** Data follows **

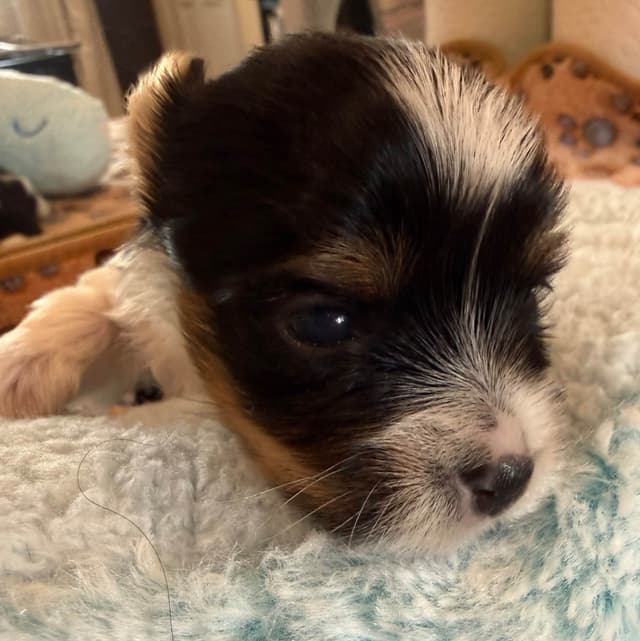 Biewer Terrier Puppies media 7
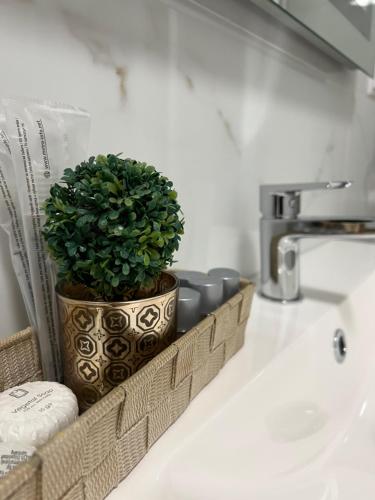a potted plant sitting on a bathroom sink at Casa Mignon in Oradea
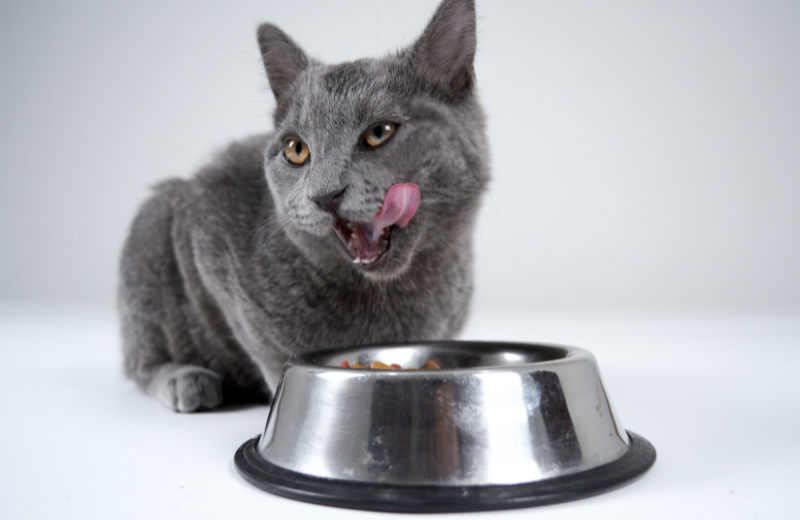 grey cat eating from food bowl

** End of Data **

_Your instructions_.
Could you output the listing word for word, omitting every picture?

_Written solution_.
 Biewer Terrier Puppies media 7
a potted plant sitting on a bathroom sink at Casa Mignon in Oradea
 grey cat eating from food bowl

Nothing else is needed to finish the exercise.